Kenneth L. Haedge, Dale C. Tippit, Denver Tippit, Case S. Jones and Clinton H. Shed v. Central Texas Cattlemen's Association
07-15-00368-CV
| Tex. App. | Oct 11, 2016Background
- CTCA governance and membership arise from a leased cattle-grazing arrangement on Fort Hood land; CTCA membership gives the right to graze cattle and is governed by bylaws and resolutions.
- The Army allows grazing but restricts access to certain areas, including the PD-94 and Live Fire zones, requiring Range Control permission for pens.
- In 2014–2015, appellants built pens in restricted areas without Range Control approval, allegedly misleading Range Control and Board members.
- CTCA’s Board later held a special meeting, cancelled appellants’ shares, and notified members of potential sanctions under bylaws Article XX–XXI.
- Appellants sued CTCA and Board members for fraud, conversion, breach of contract, and defamation; CTCA moved for summary judgment arguing judicial non-intervention limited the court to due-process review only.
- The trial court granted summary judgment, and after a bench trial on due process, affirmed dismissal, with appellants challenging the jury-trial right and the application of judicial non-intervention.
Issues
| Issue | Plaintiff's Argument | Defendant's Argument | Held |
|---|---|---|---|
| Is the doctrine of judicial non-intervention applicable to limit review? | Non-intervention should not bar factual review on due process. | Non-intervention applies; internal CTCA decisions are insulated from court review. | Yes, doctrine applied to limit review to due-process inquiry. |
| Did appellants have a right to a jury trial on due-process issues? | Jury needed on key due-process factual questions. | Due-process issues are questions of law on undisputed facts. | No; due-process issue decided as a matter of law. |
| Was there minimal due process in canceling shares? | Process violated notice/hearing requirements. | Notice and hearing under CTCA bylaws were provided. | Appellants received minimal due process; cancellation upheld. |
| Should claims against individual Board members have been reviewed as personal liability? | Board members acted against CTCA interests for personal gain. | Board actions were corporate acts; no personal liability shown. | No personal liability; non-intervention applied to individual-board actions. |
Key Cases Cited
- Hatley v.

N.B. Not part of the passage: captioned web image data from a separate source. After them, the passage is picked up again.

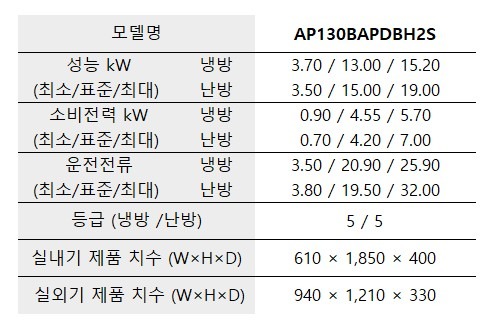 스탠드 냉난방기 36평형 (단상)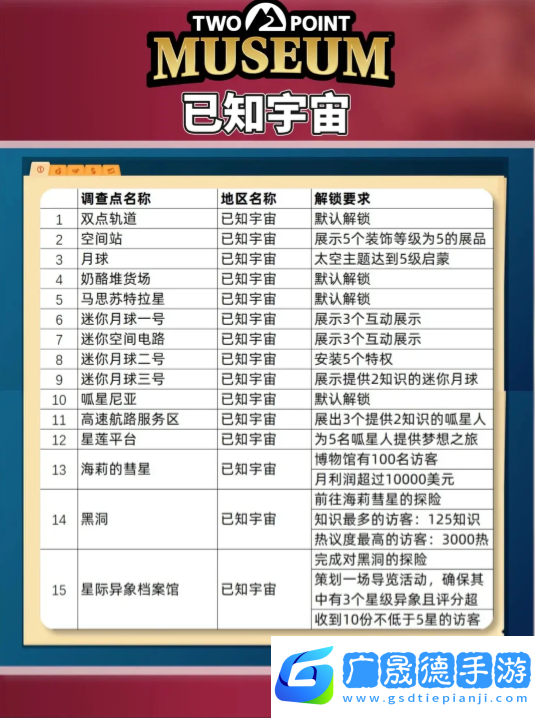 雙點博物館探索路線怎么走   探索攻略圖文大全圖片6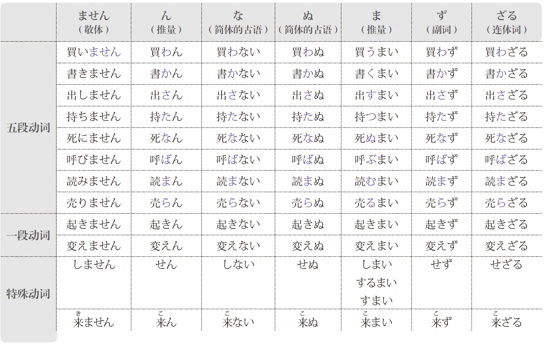日语语法新思维：初级pdf/doc/txt格式电子书下载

Am. Quarter Horse Ass'n, 552 F.2d 646 (5th Cir. 1977) (due process required in internal association matters when essential rights exist)
- Sweatt v. Masonic Grand Chapter of Order of Eastern Star, 329 S.W.2d 334 (Tex. Civ. App. — Fort Worth 1959) (intervention when public policy or rights at stake)
- Price v. Dallas Cty. Med. Soc’y & State Med. Ass’n, 108 S.W.2d 241 (Tex. Civ. App. — Dallas 1937) (exception to non-intervention for due-process concerns)
- Harden v. Colonial Country Club, 634 S.W.2d 56 (Tex. App. — Fort Worth 1982) (non-intervention doctrine recognized in Texas practice)
- Stevens v. Anatolian Shepherd Dog Club of Am., Inc., 231 S.W.3d 71 (Tex. App. — Houston 14th Dist. 2007) (discusses standard and policy considerations in non-intervention)
- Granek v. Tex. State Bd. of Med. Exam’rs, 172 S.W.3d 761 (Tex. App. — Austin 2005) (due-process inquiry in administrative-review context)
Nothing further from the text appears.